Australian mum Krystal, who writes for parenting website Project Hot Mess, has been working with her husband as a paramedic for a collective period of 20 years. In their time as on-road paramedics, she says, they hadn’t seen a single accident where a child was harmed whilst properly restrained in their seat.

‘I’m a member of a lot of mothers groups and communities and the discussion around car seats is ALWAYS a heated one,’ she says. ‘People give their opinions on rear facing vs forward facing, side seat vs middle seat, chest clip height (FYI – Australia doesn’t use chest clips), straps, wearing jumpers… if there’s something to have an opinion on, it has been discussed before.’

But, she notes, there’s one thing that doesn’t get pointed out nearly enough, and that ensuring your child is strapped securely into their seats.

‘When you become a parent you spend AGES researching the ‘best’ car seat. You look for safety features, star ratings and reviews and fret over if you can afford the best.’

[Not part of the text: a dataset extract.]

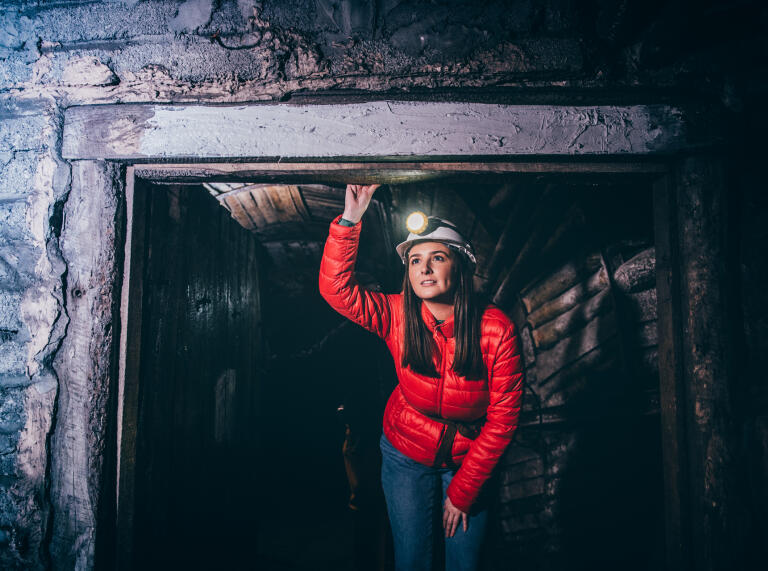Frau mit Helm und Stirnlampe in einer Mine, Big Pit National Coal Museum.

‘But, it doesn’t matter how much money you spend on a car seat if you DON’T strap your child in.’

It may sound simple, but Krystal points out that car seats are designed to withstand extreme collisions and so more often that not, failure of a car seat is down to human error.

She continues: ‘We’ve seen car seats ejected from vehicles, we’ve seen cars that have rolled over so many times you can barely tell which way is up, we’ve seen accidents where you would be certain there would be no survivors. But in our experience, the biggest difference between a child’s safety hasn’t been if they were in the $600 car seat or the $200 one. It’s been about those straps.’

In the image, which has gained well over 5,000 shares and nearly 700 comments, Krystal and her husband hold a car seat from each side, with their four-year-old son Alexander strapped securely in and held almost upside down, to illustrate that when used correctly, there was no way a child would be able to fall from a car seat.

She asks: ‘Would you be confident in doing THIS to them? Would you be confident in turning your child upside down in their seat?’

‘Car seats have incredible safety designs now, they are designed to cocoon your child, protect them as they roll and are thrown around in an accident. But they can only do this if your child is restrained properly.’

Commenters on the post have shared their own experiences of car seat safety, and thanked Krystal for highlighting this factor.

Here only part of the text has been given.